I’ve seen very little published about mts and nothing from outside a lab so I decided to test it out.
The results weren’t good.
Our main database group has 4 active schema, is running 5.6.12 and when a slave gets our of sync its takes a while to catch back up to the master.
One of the most interesting features for MySQL 5.6 is multi threaded slaves.
Without this feature the sync speed is limited to a single thread running on a single core.
Before I start let me clear up this point about mts which is that this feature will only help if you are running more than 1 schema per host as each thread can only process one schema at a time.
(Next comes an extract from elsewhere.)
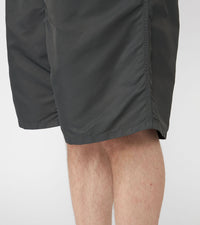 THE NORTH FACE Purple Label 25AW Nylon Twill Field Baggy Shorts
That being said I went and upgraded one of my slaves to 5.6.12, restored an xtrabackup to it.
Then I added the following lines to the my.cnf and ran start slave.
binlog-format=STATEMENT slave_parallel_workers = 4 master_info_repository = TABLE relay_log_info_repository = TABLE
Now I can just run show slave status\G and watch it catching up.
However once it was caught up I stopped replication on the mts host and single thread slave for 20 minutes.
Then I started the slaves and it turns out that the single threaded slave caught up faster.
What?
to eliminate disk and RAID configs( they were the same as I could tell) this next time I only stopped the sql_thread for 20 minutes.
Same results, the slave running mts is actually slower.
Looks like there is reason when you search for this topic the only posts are from people using it in a lab is because although it appears to function it doesn’t delivery what ultimately need to which is faster replication syncs.
I’ll keep watching the mysql releases and hope this gets fixed soon.